House Shopping 101: Sorry Sump Saga
by Keith Tripp, April 2018
This photo is one of two sumps I have found this year with no in-feed pipe. It’s a reminder that nobody is checking these sump installations (except me!). There is nothing good about the renaissance of sumps in new construction. They exist because they are a money-saver for the builder, and will remain as a nuisance item in the house forever. In the Oakville, Ontario sump system in the photo, there was no in-feed pipe, and the basin is a perforated one. A solid basin is required for foundation drainage applications. The basin is full of mud, my spatula is standing up in it. The water and mud have entered through the perforations in the basin. Just one of the reasons that a perforated basin is the wrong choice for a foundation drainage application. The question is where is the water collected by the foundation drainage system going? Perhaps it is creating a flow of water under the footings or basement slab that could lead to erosion?

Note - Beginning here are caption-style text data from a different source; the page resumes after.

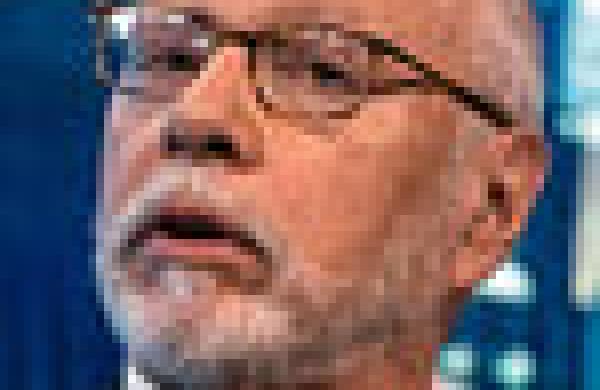 2017-07-alpha-stephen-taub-paul-singer-elliott-management-small.jpg
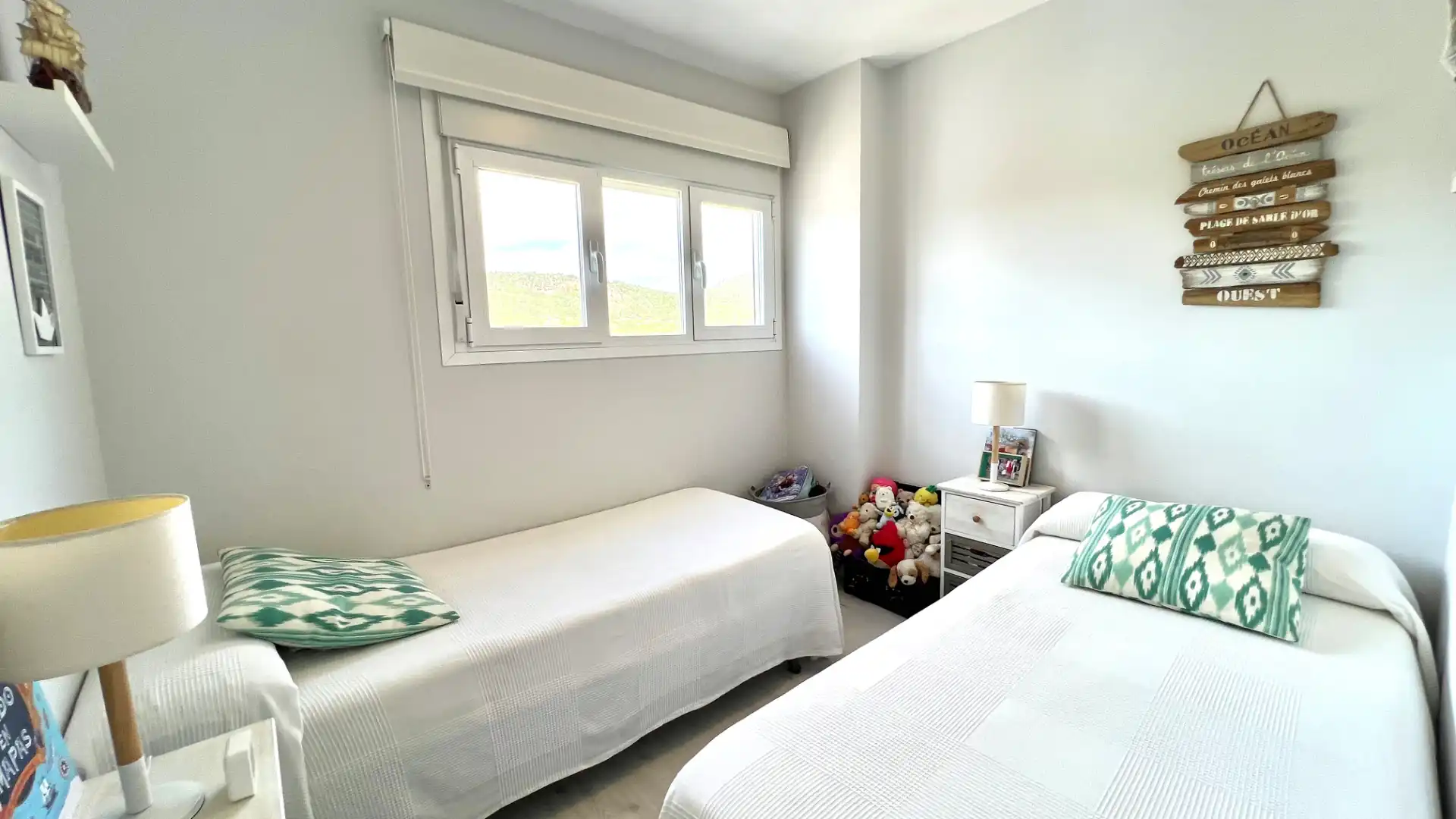 Bedroom of Apartments for sale in Calvià  with Air Conditioner, Terrace and Furnished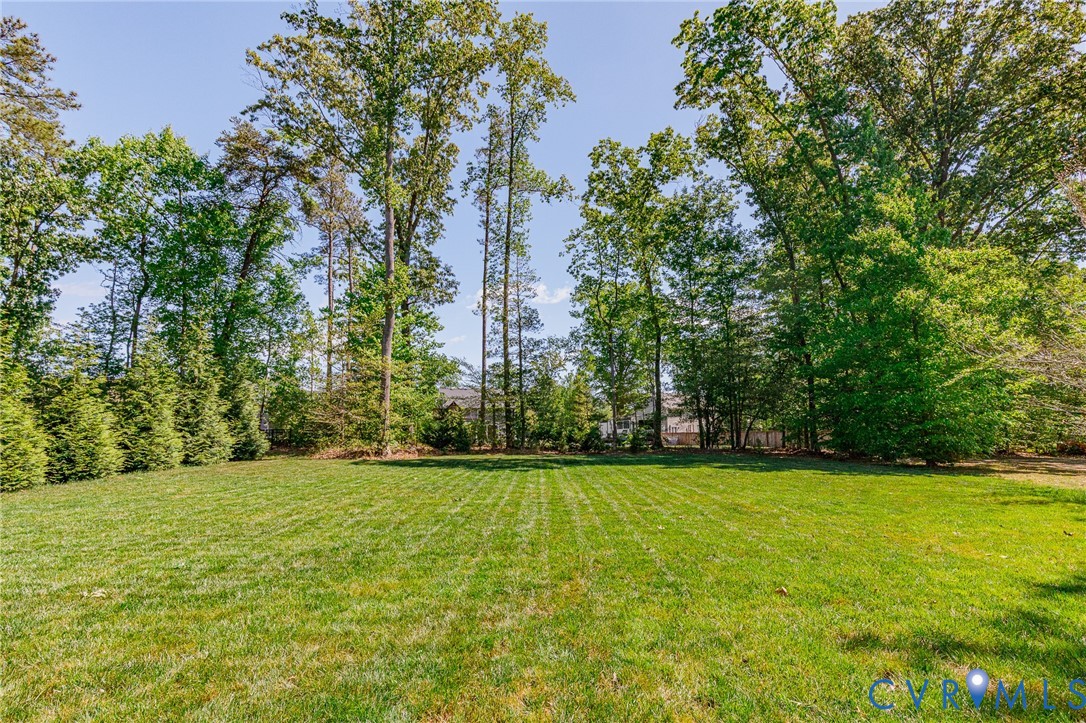 9131 Deerlake Dr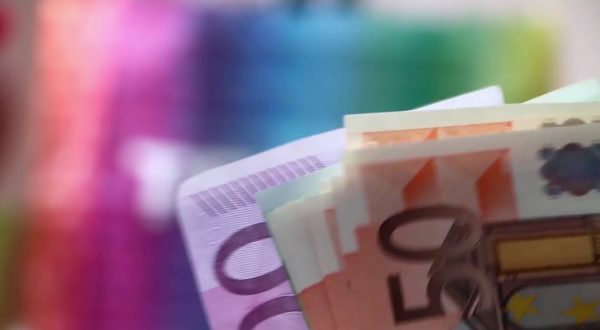 Bce, crescita lenta nell’eurozona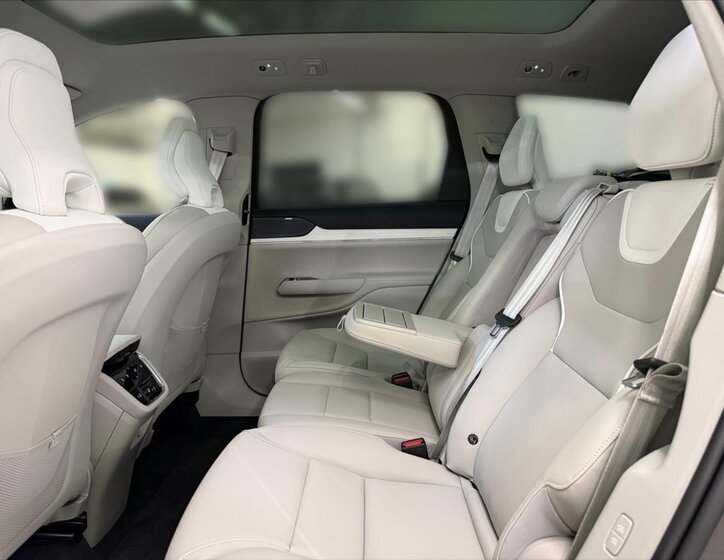 Volvo EX90 SUV / Terénní 0,0 380 kw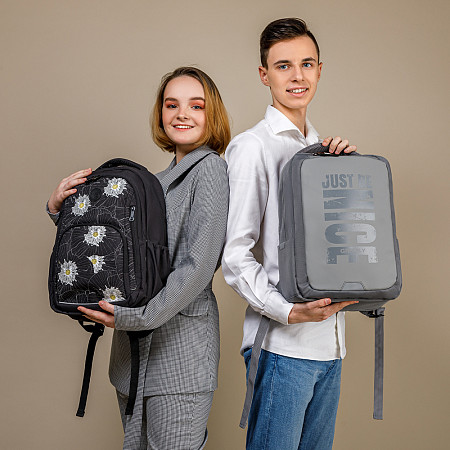 Рюкзак спортивный GRIZZLY RD-143-1 /1 black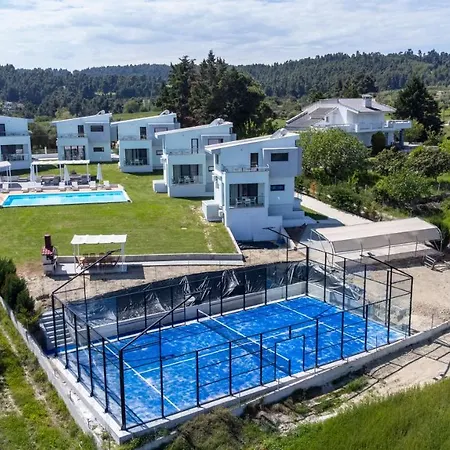 Blue Avenue Aparthotel 3*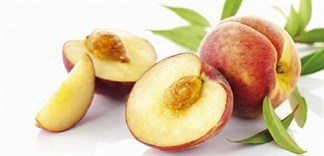Bí quyết lột vỏ đào chỉ trong tích tắc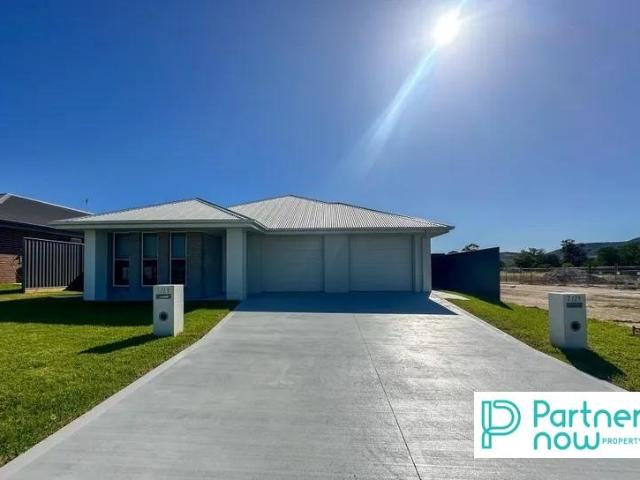 Three Bedroom Duplex in Kootingal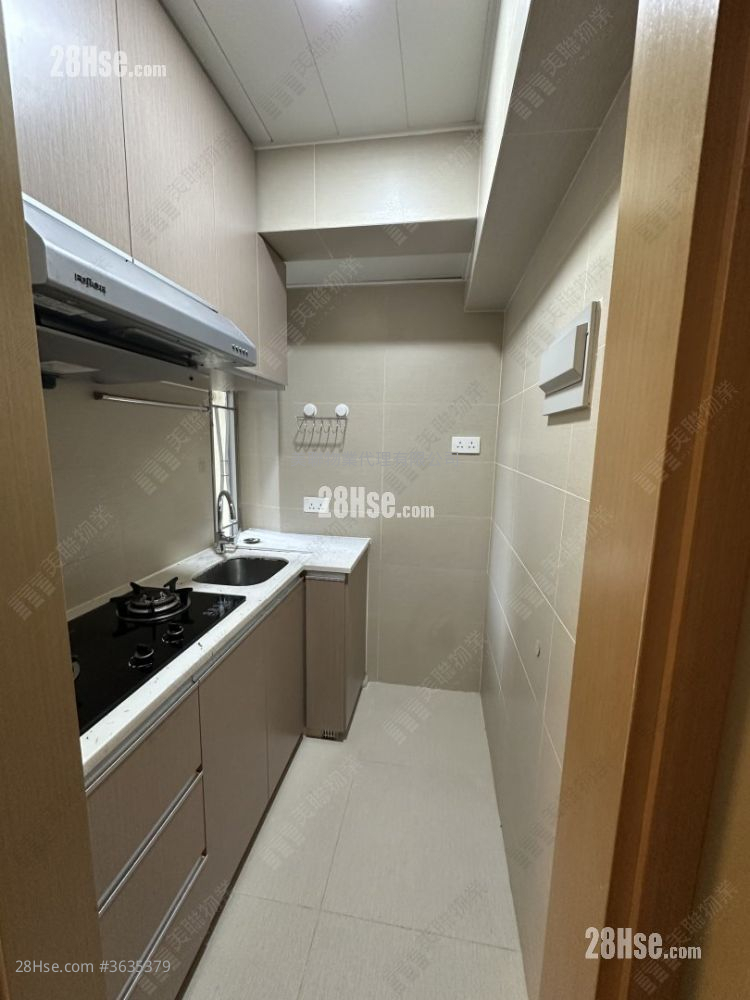 Wealthy Garden Rental 2 Bedrooms , 1 Bathroom 313 ft²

This sump in Georgetown, Ontario is nice and clean, but equally useless as the Oakville sump above because there is no in-feed pipe.This is a solid basin, which is a good start, but it is actually two basins joined together. One basin has been cut and used as an extension. At the joint between the basins leakage will occur. The question remains, for the first year at this house, where has the foundation drainage water been flowing to?
Sump systems are coming back because they are a cheap alternative for the builder. If you have choice, check if the house has sump system in the plan. Avoid having a sump if possible, or be prepared to pay money after you take possession to upgrade to a good quality sump system.